My latest transgression involved the advent calendar. The calendar I use is the one my aunt gave me when my children were tiny. She sent it as a present from California as I had complained that UK advent calendars were not up to much (at the time they were very different to US ones and filled with cheap chocolate). My daughter who is now 26 was a babe in arms. It involves sticking Velcro backed musical instruments on to a tree of angels. When they were young, I put the instruments in the various pockets in a specific order to make it easier for me. Over the years about 5 have gone missing. This year, I decided as I was the person who would be doing the advent calendar, I would put them in random order and have the blank ones at the start. Cue outrage from my daughter who then texted my sons to complain — I had changed the tradition. Same advent calendar but it bothered her in a way I’d not anticipated. I am afraid she is going to have to deal with a new tradition as I find it fun and I am the one putting up most of the instruments, but I had not understood how important she felt the putting up in a specific order was.

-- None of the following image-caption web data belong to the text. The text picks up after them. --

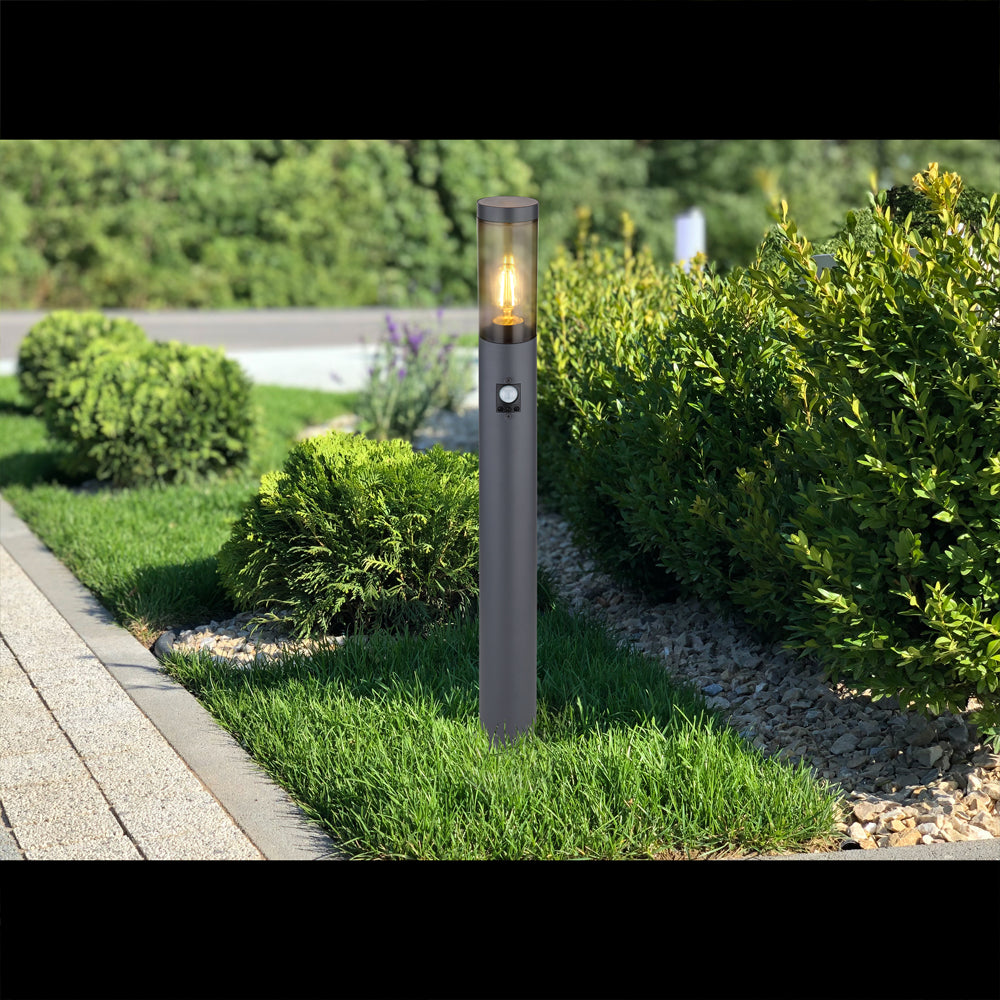 Eine moderne Außenleuchte mit Sensor, die auf einer Rasenfläche entlang eines Gartenweges steht, von vorne fotografiert, im Hintergrund grüne Sträucher.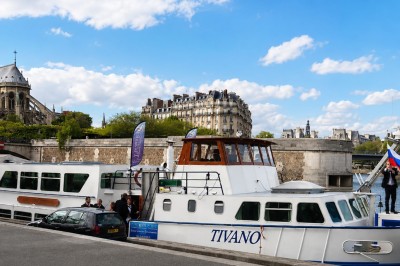Miniature Location salle Paris 16 (Paris) - Bateau Le Rêve sur Seine #5 Un capitaine en uniforme utilise une radio dans la cabine d'un bateau, avec vue sur une rivière bordée d'arbres.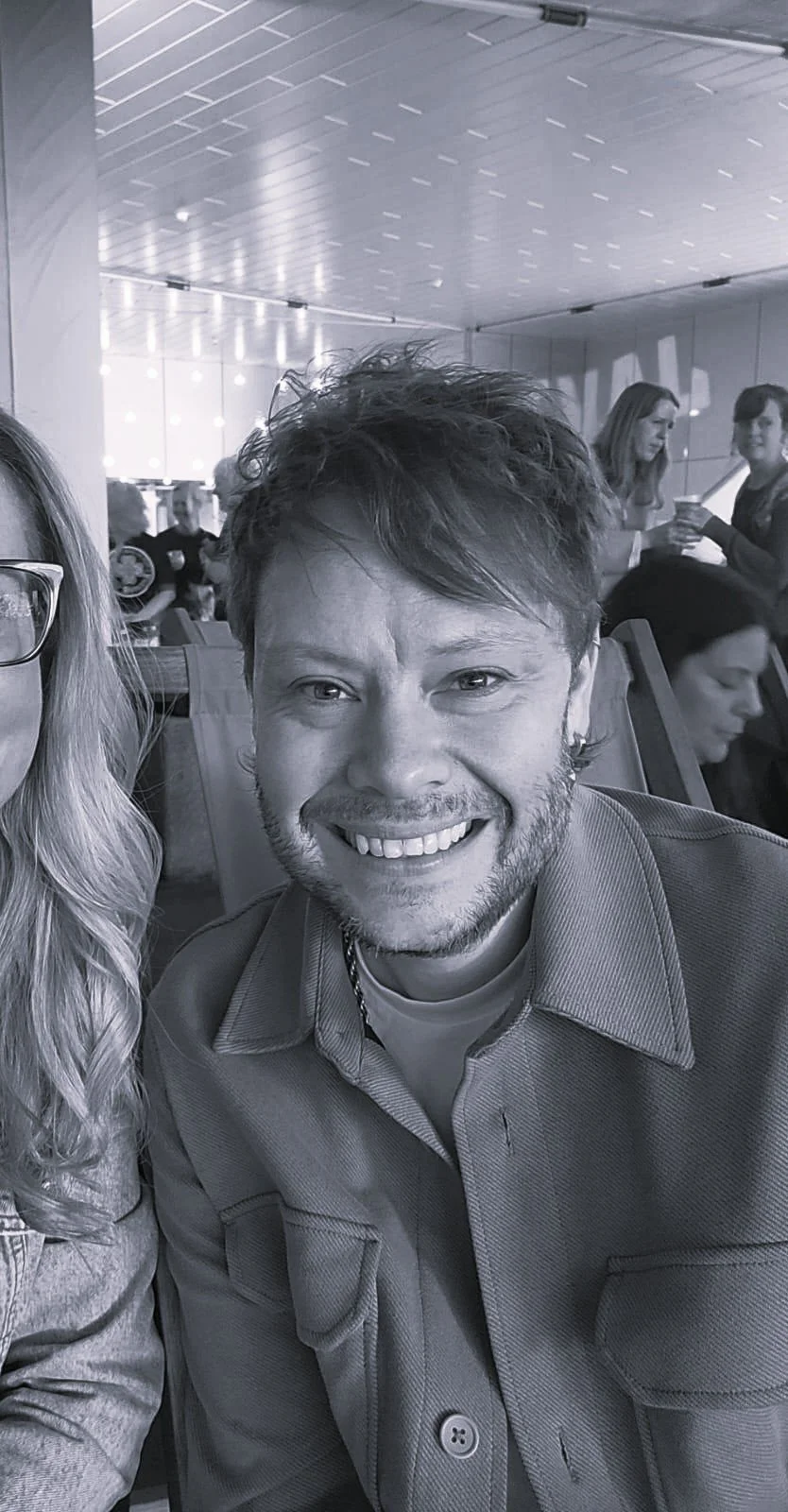 Black-and-white selfie of a smiling man in a collared coat and people mingling in a bright indoor event space.
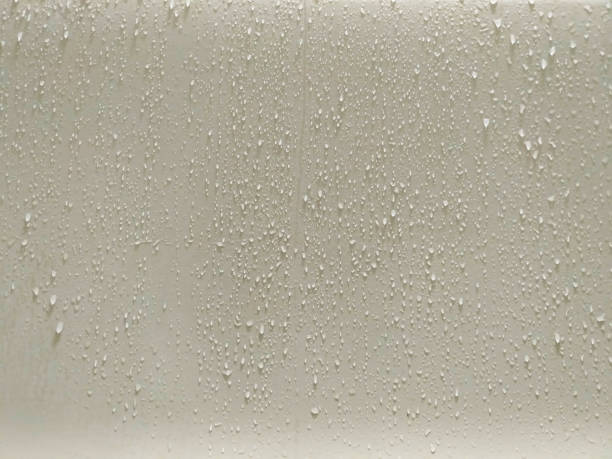 istock droplets of water on plain background 925682288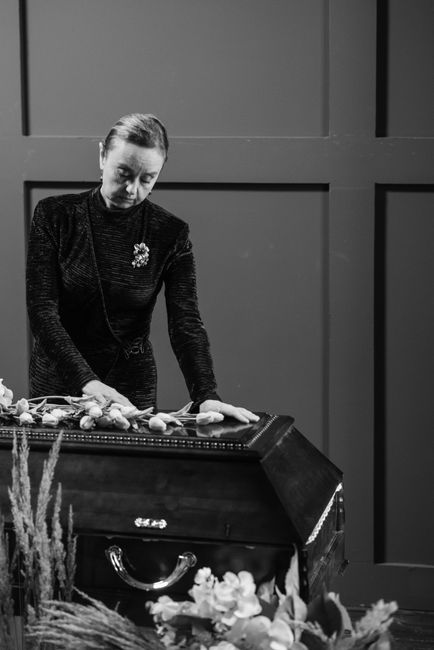 A woman dressed in black, with her hair styled in a neat updo, is arranging a floral tribute on a dark wooden casket during a funeral service. In front of her, there are fresh white and pale pink flow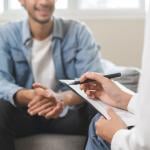 Psychologist takes notes while talking to patient.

I suspect that it is how traditions get started — people do things because it makes their life simpler at the time but then the reasoning behind the decision becomes forgotten and the action becomes written far larger than the originator intended.

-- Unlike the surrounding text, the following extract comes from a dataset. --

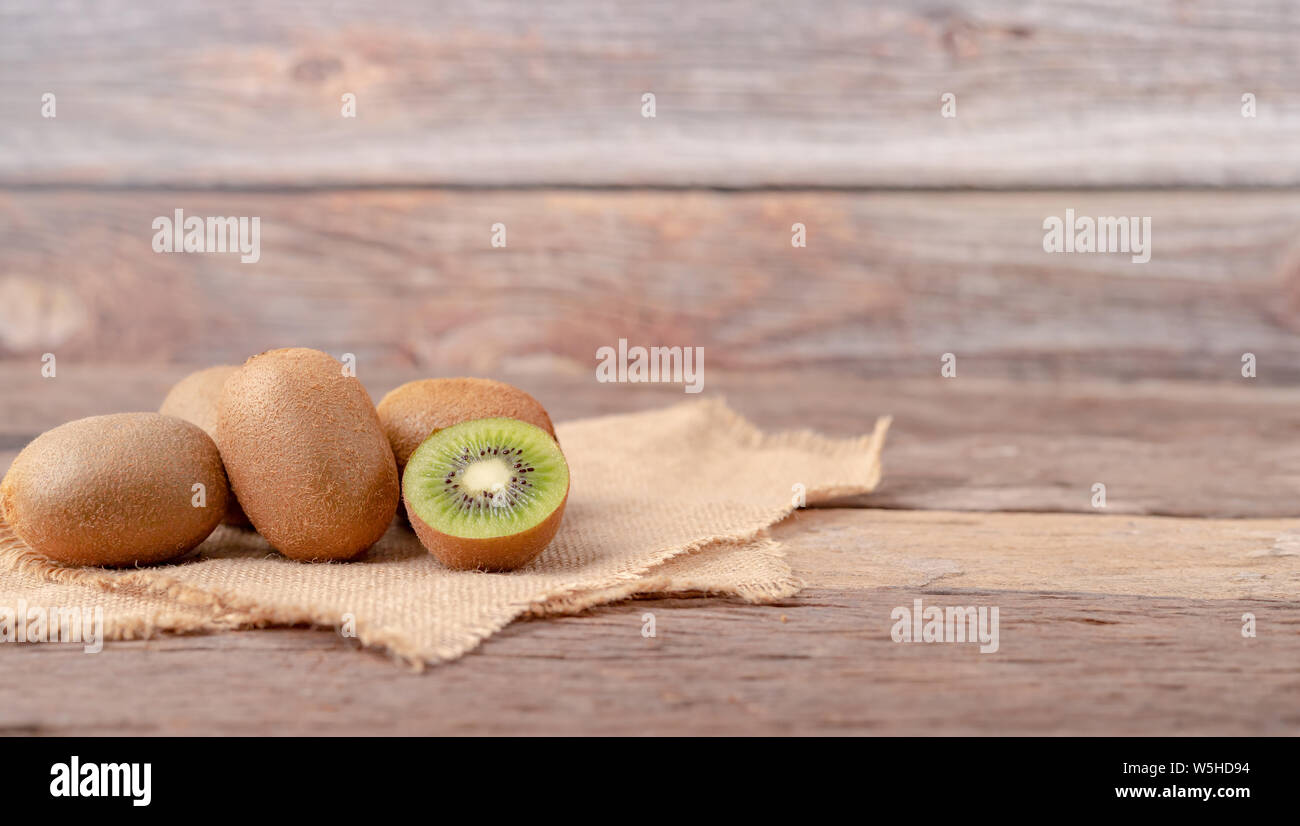 Kiwis und eine Hälfte auf den Sack auf dem Holztisch. Stockfoto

As a historical romance author who has written about Christmas (the Victorian set A Christmas Wedding Wager and the Viking set Sent as the Viking’s Bride), I love investigating the traditions of Christmas — where they came from and what their first meaning were. It has long been my belief that one of the stronger parts of Christianity is its willingness to embrace different cultures and to allow them to celebrate in familiar ways. This certainly proved the case with the Vikings. We owe things like yule logs, wassailing, wreaths and the eating of ham/pork to them.
A Christmas Wedding Wager is set in early Victorian England just after Charles Dickens reinvented Christmas with A Christmas Carol and it was lovely to find out the why of certain British Christmas traditions. Having grown up near San Francisco, I used to go to the Dickens Christmas Fayre but the actual British Christmas I experienced when I first moved over here was very different. I will admit that at first I struggled because I thought (and sometimes still do) that Americans, particularly Northern Californians keep Christmas a more agreeable way. It took me a number of years to get my head around mince pies at every gathering, flaming Christmas puddings and iced Christmas cakes which are made months before as well as Christmas crackers with silly jokes and paper crowns. After 31 years of living here though, they have become part of my Christmas tradition, including the British way of wishing people a Merry Christmas.
I like to think the Christmas season is more enjoyable because of those long-standing traditions. And it is equally good that we are constantly adding new traditions or ways of celebrating as families grow and change.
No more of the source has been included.